- Problem details: The answer must be every record below, reproduced exactly.

- Data provided:
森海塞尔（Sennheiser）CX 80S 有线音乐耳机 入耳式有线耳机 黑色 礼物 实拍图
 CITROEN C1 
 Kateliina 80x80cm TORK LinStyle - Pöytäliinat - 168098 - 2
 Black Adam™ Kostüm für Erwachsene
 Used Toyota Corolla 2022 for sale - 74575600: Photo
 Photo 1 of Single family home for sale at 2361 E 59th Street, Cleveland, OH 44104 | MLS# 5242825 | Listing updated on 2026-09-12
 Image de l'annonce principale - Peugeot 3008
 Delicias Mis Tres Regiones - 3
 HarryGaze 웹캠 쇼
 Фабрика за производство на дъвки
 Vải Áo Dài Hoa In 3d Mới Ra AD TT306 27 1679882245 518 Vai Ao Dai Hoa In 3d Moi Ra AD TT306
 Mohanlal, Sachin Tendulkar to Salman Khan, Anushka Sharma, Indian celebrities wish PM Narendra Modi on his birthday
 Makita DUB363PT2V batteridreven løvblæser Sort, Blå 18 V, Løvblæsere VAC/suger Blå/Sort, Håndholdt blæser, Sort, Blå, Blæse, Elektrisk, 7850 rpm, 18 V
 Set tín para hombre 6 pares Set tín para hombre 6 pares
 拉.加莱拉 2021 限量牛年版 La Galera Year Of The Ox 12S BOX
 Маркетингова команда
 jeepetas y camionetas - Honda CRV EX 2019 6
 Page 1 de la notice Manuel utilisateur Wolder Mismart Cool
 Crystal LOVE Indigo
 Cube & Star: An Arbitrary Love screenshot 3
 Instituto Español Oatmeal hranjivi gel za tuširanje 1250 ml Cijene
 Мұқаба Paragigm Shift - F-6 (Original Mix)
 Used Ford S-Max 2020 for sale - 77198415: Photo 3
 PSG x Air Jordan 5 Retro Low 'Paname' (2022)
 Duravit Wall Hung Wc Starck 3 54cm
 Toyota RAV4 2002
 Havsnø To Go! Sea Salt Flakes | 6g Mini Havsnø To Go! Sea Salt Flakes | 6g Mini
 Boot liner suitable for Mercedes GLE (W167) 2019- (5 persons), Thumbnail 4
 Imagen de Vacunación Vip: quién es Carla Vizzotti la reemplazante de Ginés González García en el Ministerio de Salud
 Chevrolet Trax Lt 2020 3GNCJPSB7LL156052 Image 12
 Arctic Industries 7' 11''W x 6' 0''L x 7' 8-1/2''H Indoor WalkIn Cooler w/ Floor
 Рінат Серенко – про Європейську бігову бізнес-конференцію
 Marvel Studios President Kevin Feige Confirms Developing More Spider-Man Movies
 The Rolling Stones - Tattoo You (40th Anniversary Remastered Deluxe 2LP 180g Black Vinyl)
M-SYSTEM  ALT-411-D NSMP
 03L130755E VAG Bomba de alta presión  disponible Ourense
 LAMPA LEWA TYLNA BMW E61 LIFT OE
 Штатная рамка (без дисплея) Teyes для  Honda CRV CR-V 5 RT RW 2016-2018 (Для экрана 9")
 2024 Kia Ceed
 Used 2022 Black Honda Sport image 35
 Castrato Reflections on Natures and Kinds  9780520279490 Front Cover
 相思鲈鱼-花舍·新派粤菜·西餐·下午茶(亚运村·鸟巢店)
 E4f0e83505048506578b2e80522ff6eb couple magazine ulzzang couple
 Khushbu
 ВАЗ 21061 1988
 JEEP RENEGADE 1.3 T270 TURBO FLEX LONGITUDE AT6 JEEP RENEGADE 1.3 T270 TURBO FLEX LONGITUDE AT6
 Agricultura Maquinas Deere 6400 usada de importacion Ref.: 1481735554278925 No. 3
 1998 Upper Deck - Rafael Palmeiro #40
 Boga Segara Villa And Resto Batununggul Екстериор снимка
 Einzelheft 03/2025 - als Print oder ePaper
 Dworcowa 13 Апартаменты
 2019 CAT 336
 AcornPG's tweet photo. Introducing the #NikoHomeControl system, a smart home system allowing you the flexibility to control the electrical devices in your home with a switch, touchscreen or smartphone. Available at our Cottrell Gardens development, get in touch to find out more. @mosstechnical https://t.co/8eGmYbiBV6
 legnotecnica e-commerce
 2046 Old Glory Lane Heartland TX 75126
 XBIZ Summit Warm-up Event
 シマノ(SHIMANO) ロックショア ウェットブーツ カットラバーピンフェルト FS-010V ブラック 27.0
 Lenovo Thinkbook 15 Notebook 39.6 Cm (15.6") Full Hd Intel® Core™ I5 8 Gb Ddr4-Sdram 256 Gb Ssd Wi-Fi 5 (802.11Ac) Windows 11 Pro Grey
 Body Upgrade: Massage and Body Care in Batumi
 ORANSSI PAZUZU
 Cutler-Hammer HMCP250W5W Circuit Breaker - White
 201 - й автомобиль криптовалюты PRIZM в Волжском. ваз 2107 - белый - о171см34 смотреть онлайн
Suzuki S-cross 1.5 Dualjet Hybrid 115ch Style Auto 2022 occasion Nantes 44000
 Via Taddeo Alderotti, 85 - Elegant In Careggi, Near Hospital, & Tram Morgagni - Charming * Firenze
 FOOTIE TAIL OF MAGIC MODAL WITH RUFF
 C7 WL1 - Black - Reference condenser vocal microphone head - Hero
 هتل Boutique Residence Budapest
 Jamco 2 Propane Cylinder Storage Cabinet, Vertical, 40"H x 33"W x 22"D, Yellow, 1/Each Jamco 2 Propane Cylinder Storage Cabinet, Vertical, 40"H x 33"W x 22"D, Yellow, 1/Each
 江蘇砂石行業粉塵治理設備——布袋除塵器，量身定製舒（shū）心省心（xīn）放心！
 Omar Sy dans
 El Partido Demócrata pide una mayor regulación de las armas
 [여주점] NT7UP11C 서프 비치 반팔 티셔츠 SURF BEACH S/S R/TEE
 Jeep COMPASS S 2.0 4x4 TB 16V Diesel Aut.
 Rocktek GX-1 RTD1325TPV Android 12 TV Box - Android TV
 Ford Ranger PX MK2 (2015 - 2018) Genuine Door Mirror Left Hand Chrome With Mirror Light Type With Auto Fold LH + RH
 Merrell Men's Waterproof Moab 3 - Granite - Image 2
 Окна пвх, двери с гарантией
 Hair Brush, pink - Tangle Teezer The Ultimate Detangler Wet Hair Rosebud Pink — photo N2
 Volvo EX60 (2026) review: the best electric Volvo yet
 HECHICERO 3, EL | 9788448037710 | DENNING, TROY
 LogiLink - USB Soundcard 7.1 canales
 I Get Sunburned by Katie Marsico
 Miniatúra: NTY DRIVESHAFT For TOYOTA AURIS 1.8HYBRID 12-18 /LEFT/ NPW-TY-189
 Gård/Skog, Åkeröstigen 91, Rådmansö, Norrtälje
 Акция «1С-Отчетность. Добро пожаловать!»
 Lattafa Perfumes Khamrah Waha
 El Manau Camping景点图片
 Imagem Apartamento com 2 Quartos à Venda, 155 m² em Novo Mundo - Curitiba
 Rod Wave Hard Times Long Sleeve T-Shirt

- Solution:
森海塞尔（Sennheiser）CX 80S 有线音乐耳机 入耳式有线耳机 黑色 礼物 实拍图
 CITROEN C1 
 Kateliina 80x80cm TORK LinStyle - Pöytäliinat - 168098 - 2
 Black Adam™ Kostüm für Erwachsene
 Used Toyota Corolla 2022 for sale - 74575600: Photo
 Photo 1 of Single family home for sale at 2361 E 59th Street, Cleveland, OH 44104 | MLS# 5242825 | Listing updated on 2026-09-12
 Image de l'annonce principale - Peugeot 3008
 Delicias Mis Tres Regiones - 3
 HarryGaze 웹캠 쇼
 Фабрика за производство на дъвки
 Vải Áo Dài Hoa In 3d Mới Ra AD TT306 27 1679882245 518 Vai Ao Dai Hoa In 3d Moi Ra AD TT306
 Mohanlal, Sachin Tendulkar to Salman Khan, Anushka Sharma, Indian celebrities wish PM Narendra Modi on his birthday
 Makita DUB363PT2V batteridreven løvblæser Sort, Blå 18 V, Løvblæsere VAC/suger Blå/Sort, Håndholdt blæser, Sort, Blå, Blæse, Elektrisk, 7850 rpm, 18 V
 Set tín para hombre 6 pares Set tín para hombre 6 pares
 拉.加莱拉 2021 限量牛年版 La Galera Year Of The Ox 12S BOX
 Маркетингова команда
 jeepetas y camionetas - Honda CRV EX 2019 6
 Page 1 de la notice Manuel utilisateur Wolder Mismart Cool
 Crystal LOVE Indigo
 Cube & Star: An Arbitrary Love screenshot 3
 Instituto Español Oatmeal hranjivi gel za tuširanje 1250 ml Cijene
 Мұқаба Paragigm Shift - F-6 (Original Mix)
 Used Ford S-Max 2020 for sale - 77198415: Photo 3
 PSG x Air Jordan 5 Retro Low 'Paname' (2022)
 Duravit Wall Hung Wc Starck 3 54cm
 Toyota RAV4 2002
 Havsnø To Go! Sea Salt Flakes | 6g Mini Havsnø To Go! Sea Salt Flakes | 6g Mini
 Boot liner suitable for Mercedes GLE (W167) 2019- (5 persons), Thumbnail 4
 Imagen de Vacunación Vip: quién es Carla Vizzotti la reemplazante de Ginés González García en el Ministerio de Salud
 Chevrolet Trax Lt 2020 3GNCJPSB7LL156052 Image 12
 Arctic Industries 7' 11''W x 6' 0''L x 7' 8-1/2''H Indoor WalkIn Cooler w/ Floor
 Рінат Серенко – про Європейську бігову бізнес-конференцію
 Marvel Studios President Kevin Feige Confirms Developing More Spider-Man Movies
 The Rolling Stones - Tattoo You (40th Anniversary Remastered Deluxe 2LP 180g Black Vinyl)
M-SYSTEM  ALT-411-D NSMP
 03L130755E VAG Bomba de alta presión  disponible Ourense
 LAMPA LEWA TYLNA BMW E61 LIFT OE
 Штатная рамка (без дисплея) Teyes для  Honda CRV CR-V 5 RT RW 2016-2018 (Для экрана 9")
 2024 Kia Ceed
 Used 2022 Black Honda Sport image 35
 Castrato Reflections on Natures and Kinds  9780520279490 Front Cover
 相思鲈鱼-花舍·新派粤菜·西餐·下午茶(亚运村·鸟巢店)
 E4f0e83505048506578b2e80522ff6eb couple magazine ulzzang couple
 Khushbu
 ВАЗ 21061 1988
 JEEP RENEGADE 1.3 T270 TURBO FLEX LONGITUDE AT6 JEEP RENEGADE 1.3 T270 TURBO FLEX LONGITUDE AT6
 Agricultura Maquinas Deere 6400 usada de importacion Ref.: 1481735554278925 No. 3
 1998 Upper Deck - Rafael Palmeiro #40
 Boga Segara Villa And Resto Batununggul Екстериор снимка
 Einzelheft 03/2025 - als Print oder ePaper
 Dworcowa 13 Апартаменты
 2019 CAT 336
 AcornPG's tweet photo. Introducing the #NikoHomeControl system, a smart home system allowing you the flexibility to control the electrical devices in your home with a switch, touchscreen or smartphone. Available at our Cottrell Gardens development, get in touch to find out more. @mosstechnical https://t.co/8eGmYbiBV6
 legnotecnica e-commerce
 2046 Old Glory Lane Heartland TX 75126
 XBIZ Summit Warm-up Event
 シマノ(SHIMANO) ロックショア ウェットブーツ カットラバーピンフェルト FS-010V ブラック 27.0
 Lenovo Thinkbook 15 Notebook 39.6 Cm (15.6") Full Hd Intel® Core™ I5 8 Gb Ddr4-Sdram 256 Gb Ssd Wi-Fi 5 (802.11Ac) Windows 11 Pro Grey
 Body Upgrade: Massage and Body Care in Batumi
 ORANSSI PAZUZU
 Cutler-Hammer HMCP250W5W Circuit Breaker - White
 201 - й автомобиль криптовалюты PRIZM в Волжском. ваз 2107 - белый - о171см34 смотреть онлайн
Suzuki S-cross 1.5 Dualjet Hybrid 115ch Style Auto 2022 occasion Nantes 44000
 Via Taddeo Alderotti, 85 - Elegant In Careggi, Near Hospital, & Tram Morgagni - Charming * Firenze
 FOOTIE TAIL OF MAGIC MODAL WITH RUFF
 C7 WL1 - Black - Reference condenser vocal microphone head - Hero
 هتل Boutique Residence Budapest
 Jamco 2 Propane Cylinder Storage Cabinet, Vertical, 40"H x 33"W x 22"D, Yellow, 1/Each Jamco 2 Propane Cylinder Storage Cabinet, Vertical, 40"H x 33"W x 22"D, Yellow, 1/Each
 江蘇砂石行業粉塵治理設備——布袋除塵器，量身定製舒（shū）心省心（xīn）放心！
 Omar Sy dans
 El Partido Demócrata pide una mayor regulación de las armas
 [여주점] NT7UP11C 서프 비치 반팔 티셔츠 SURF BEACH S/S R/TEE
 Jeep COMPASS S 2.0 4x4 TB 16V Diesel Aut.
 Rocktek GX-1 RTD1325TPV Android 12 TV Box - Android TV
 Ford Ranger PX MK2 (2015 - 2018) Genuine Door Mirror Left Hand Chrome With Mirror Light Type With Auto Fold LH + RH
 Merrell Men's Waterproof Moab 3 - Granite - Image 2
 Окна пвх, двери с гарантией
 Hair Brush, pink - Tangle Teezer The Ultimate Detangler Wet Hair Rosebud Pink — photo N2
 Volvo EX60 (2026) review: the best electric Volvo yet
 HECHICERO 3, EL | 9788448037710 | DENNING, TROY
 LogiLink - USB Soundcard 7.1 canales
 I Get Sunburned by Katie Marsico
 Miniatúra: NTY DRIVESHAFT For TOYOTA AURIS 1.8HYBRID 12-18 /LEFT/ NPW-TY-189
 Gård/Skog, Åkeröstigen 91, Rådmansö, Norrtälje
 Акция «1С-Отчетность. Добро пожаловать!»
 Lattafa Perfumes Khamrah Waha
 El Manau Camping景点图片
 Imagem Apartamento com 2 Quartos à Venda, 155 m² em Novo Mundo - Curitiba
 Rod Wave Hard Times Long Sleeve T-Shirt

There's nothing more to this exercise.